On 09/18/2014 08:24 PM, Josh Cartwright wrote:
> On Thu, Sep 18, 2014 at 07:41:17PM -0700, Guenter Roeck wrote:
>> On 09/18/2014 03:26 PM, Josh Cartwright wrote:
>>> Add a driver for the watchdog timer block found in the Krait Processor
>>> Subsystem (KPSS) on the MSM8960, APQ8064, and IPQ8064.
>>>
>>> Signed-off-by: Josh Cartwright <joshc@...eaurora.org>
>>
>> Hi Josh,
>>
>> comments inline.
>
> Thanks for taking a look!
>
> [..]
>>> +static int qcom_watchdog_probe(struct platform_device *pdev)
>>> +{
>>> +	struct qcom_wdt *wdt;
>>> +	struct resource *res;
>>> +	u32 tmp;
>>> +	int ret;
>>> +
>>> +	wdt = devm_kzalloc(&pdev->dev, sizeof(*wdt), GFP_KERNEL);
>>> +	if (!wdt)
>>> +		return -ENOMEM;
>>> +
>>> +	platform_set_drvdata(pdev, wdt);
>>> +
>>> +	res = platform_get_resource(pdev, IORESOURCE_MEM, 0);
>>> +	wdt->base = devm_ioremap_resource(&pdev->dev, res);
>>> +	if (IS_ERR(wdt->base))
>>> +		return PTR_ERR(wdt->base);
>>> +
>>> +	ret = of_property_read_u32(pdev->dev.of_node, "clock-frequency", &tmp);
>>> +	if (ret) {
>>> +		dev_err(&pdev->dev, "unable to get clock-frequency\n");
>>> +		return ret;
>>> +	}
>>> +
>>
>> You might want to use a clock property here, and the complete sequence of
>> 	devm_clk_get
>> 	clk_prepare_enable
>> 	clk_disable_unprepare
>> 	clk_get_rate
>
> Agreed.  I think this would be ideal.  I'll need to take a closer look
> at how this thing is clocked, and how/if the clocks are currently
> being modelled.
>

I think you should be able to specify some kind of "fixed" clock.
Other watchdog drivers use the mechanism; maybe you can find some examples.

>>> +	wdt->freq = tmp;
>>> +
>>> +	wdt->wdd.dev = &pdev->dev;
>>> +	wdt->wdd.info = &qcom_wdt_info;
>>> +	wdt->wdd.ops = &qcom_wdt_ops;
>>> +	wdt->wdd.min_timeout = 1;
>>> +	wdt->wdd.max_timeout = 0x10000000U / wdt->freq;
>>
>> As written, wdt->freq can be 0, which results in a nice division by zero here.
>
> Indeed.  I'll add a check.
>
>>> +	watchdog_init_timeout(&wdt->wdd, 0, &pdev->dev);
>>
>> That leaves you with no default timeout if timeout-sec is not set in devicetree,
>> which if I understand the code correctly might result in an immediate reset.
>> Is this really what you want to happen ?
>
> I think I'd like to handle timeout-sec being unspecified as an error at
> probe.  If someone explicitly sets timeout-sec = <0>, then they get what
> they ask for.  I'll take another look to see how to make this happen.
>

Hmm.. kind of unusual.

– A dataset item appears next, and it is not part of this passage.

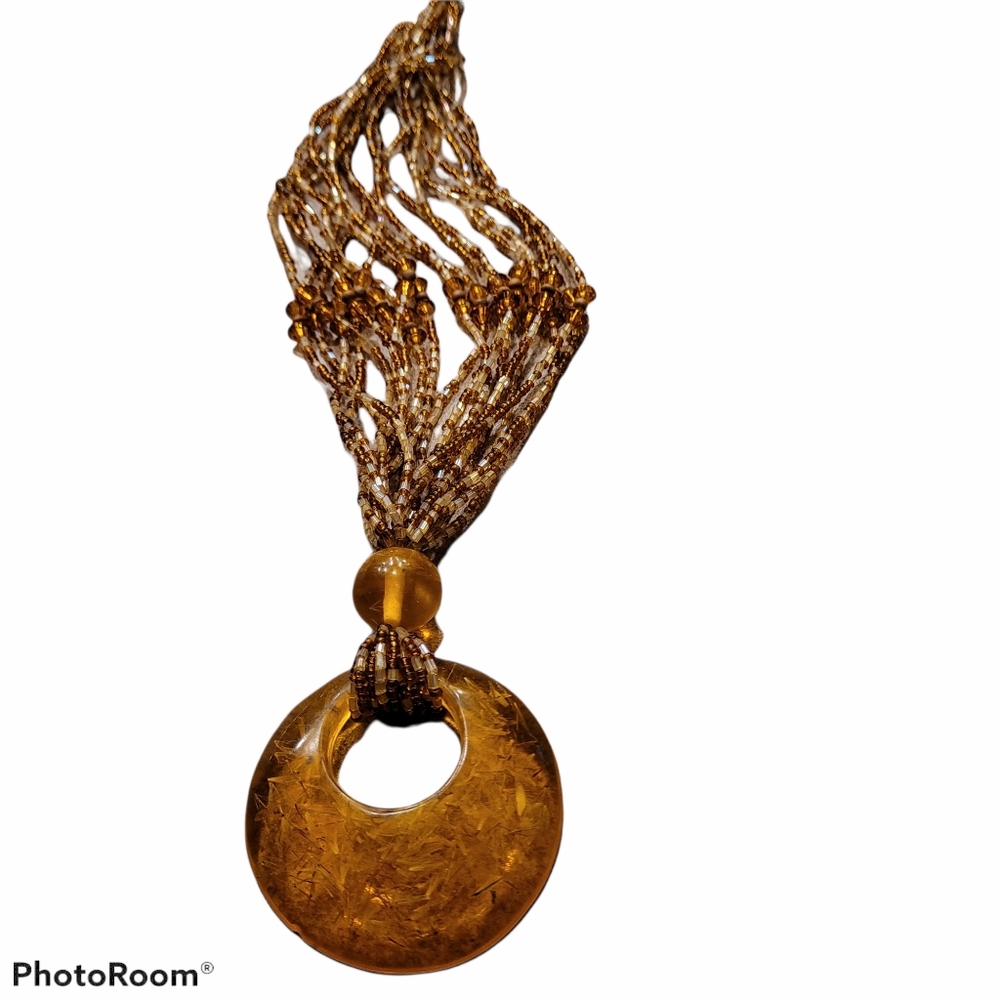 Gold necklace. Circle with seabeeds.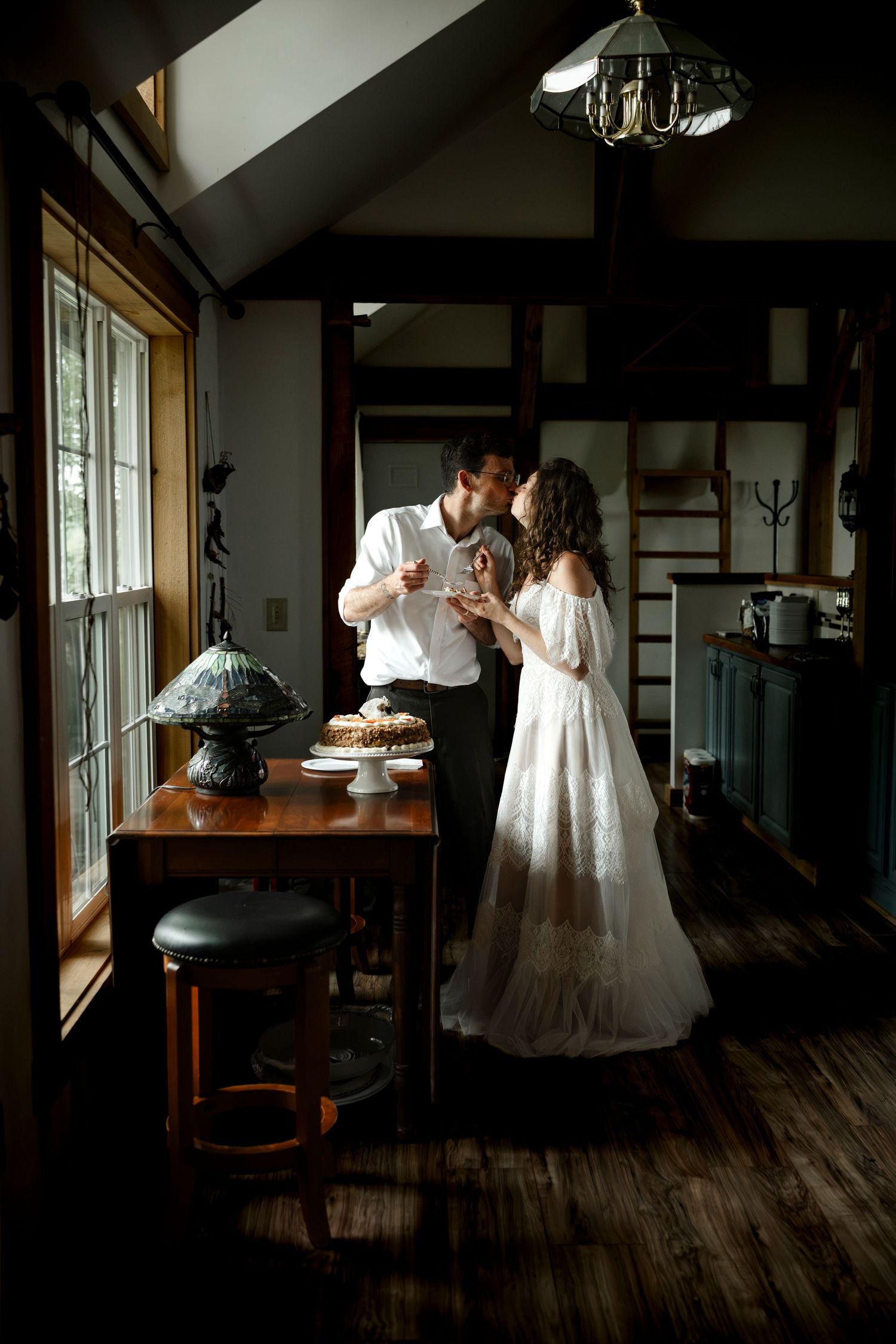 Bride and groom share a kiss while cutting their wedding cake in a rustic cabin dining room.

Usual would be to initialize the timeout together
with min_timeout / max_timeout above and only force the user to specify
a value if the default timeout is not desirable. You don't really gain
anything by making timeout-sec mandatory.

>>> +
>>> +	ret = watchdog_register_device(&wdt->wdd);
>>> +	if (ret) {
>>> +		dev_err(&pdev->dev, "failed to register watchdog\n");
>>> +		return ret;
>>> +	}
>>> +
>>> +	return 0;
>>> +}
>>> +
>>> +static const struct of_device_id qcom_wdt_of_table[] = {
>>> +	{ .compatible = "qcom,kpss-wdt-msm8960", },
>>> +	{ .compatible = "qcom,kpss-wdt-apq8064", },
>>> +	{ .compatible = "qcom,kpss-wdt-ipq8064", },
>>> +	{ },
>>> +};
>>> +MODULE_DEVICE_TABLE(of, qcom_wdt_of_table);
>>> +
>>> +static struct platform_driver qcom_watchdog_driver = {
>>> +	.probe	= qcom_watchdog_probe,
>>
>> No remove function ?
>>
>> Yes, you don't need it, because the driver can only be built into the kernel,
>> but there is a practical impact: It means the driver must always be built
>> into the kernel even if the image is supposed to be used on different systems,
>> some of which may not support this specific watchdog.
>>
>> Sure, you might say that you don't care about images supporting more than one
>> hardware, but the tendency seems to be multi-target images nowadays.
>
> This was motivated by the addition of the restart_handler bits in patch
> 3.  For some reason I was thinking there were race conditions between
> module unloading/the restart_handler mechanism, but looking at it again,
> I'm not so sure.  Is it safe to implement these handlers in modules?  If
> so, I'll revisit this.
>
Yes, it is safe. To ensure there are no race conditions was one of the reasons
for implementing the restart handler as notifier call chain.